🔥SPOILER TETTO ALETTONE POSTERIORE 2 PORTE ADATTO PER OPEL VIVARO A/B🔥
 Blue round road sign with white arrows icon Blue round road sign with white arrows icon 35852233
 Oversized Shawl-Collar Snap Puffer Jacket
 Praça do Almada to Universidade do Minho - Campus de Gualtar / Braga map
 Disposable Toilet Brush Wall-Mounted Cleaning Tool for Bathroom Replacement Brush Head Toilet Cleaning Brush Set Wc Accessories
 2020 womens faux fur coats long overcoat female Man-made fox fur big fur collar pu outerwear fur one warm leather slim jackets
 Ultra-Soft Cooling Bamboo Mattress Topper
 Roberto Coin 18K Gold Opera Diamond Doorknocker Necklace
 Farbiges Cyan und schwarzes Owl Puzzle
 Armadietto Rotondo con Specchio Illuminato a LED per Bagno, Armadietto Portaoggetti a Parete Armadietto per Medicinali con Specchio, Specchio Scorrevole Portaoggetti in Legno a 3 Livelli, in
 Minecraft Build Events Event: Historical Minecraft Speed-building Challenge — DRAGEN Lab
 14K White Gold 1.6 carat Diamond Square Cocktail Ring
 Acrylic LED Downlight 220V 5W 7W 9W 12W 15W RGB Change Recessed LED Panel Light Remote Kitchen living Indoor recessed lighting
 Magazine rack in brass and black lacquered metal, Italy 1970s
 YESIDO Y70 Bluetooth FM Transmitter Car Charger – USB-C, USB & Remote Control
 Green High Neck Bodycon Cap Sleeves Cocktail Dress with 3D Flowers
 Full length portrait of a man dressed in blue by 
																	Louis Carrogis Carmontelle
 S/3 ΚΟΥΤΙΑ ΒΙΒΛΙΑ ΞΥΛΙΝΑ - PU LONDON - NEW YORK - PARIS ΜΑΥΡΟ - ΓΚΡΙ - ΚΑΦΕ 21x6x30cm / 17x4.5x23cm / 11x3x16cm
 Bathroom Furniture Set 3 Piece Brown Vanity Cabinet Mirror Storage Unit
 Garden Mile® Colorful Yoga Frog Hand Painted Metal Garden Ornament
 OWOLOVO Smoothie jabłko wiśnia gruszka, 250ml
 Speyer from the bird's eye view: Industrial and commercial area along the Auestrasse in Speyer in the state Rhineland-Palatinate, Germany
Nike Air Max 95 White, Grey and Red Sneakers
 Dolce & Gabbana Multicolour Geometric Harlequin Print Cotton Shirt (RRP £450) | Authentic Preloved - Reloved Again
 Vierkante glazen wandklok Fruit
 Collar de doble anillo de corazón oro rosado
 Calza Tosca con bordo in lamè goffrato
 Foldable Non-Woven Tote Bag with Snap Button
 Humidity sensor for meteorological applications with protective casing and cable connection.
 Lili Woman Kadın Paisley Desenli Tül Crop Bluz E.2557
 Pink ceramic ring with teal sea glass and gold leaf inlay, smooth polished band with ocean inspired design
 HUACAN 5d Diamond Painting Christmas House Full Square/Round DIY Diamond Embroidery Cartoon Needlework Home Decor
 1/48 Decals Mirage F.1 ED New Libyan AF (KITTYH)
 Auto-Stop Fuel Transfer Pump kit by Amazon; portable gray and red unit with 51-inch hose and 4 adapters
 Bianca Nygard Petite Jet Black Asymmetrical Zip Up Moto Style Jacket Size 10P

┄┄┄┄┄┄

Your goal → Say how many lines above include "with". The number alone is the answer.

Output → 6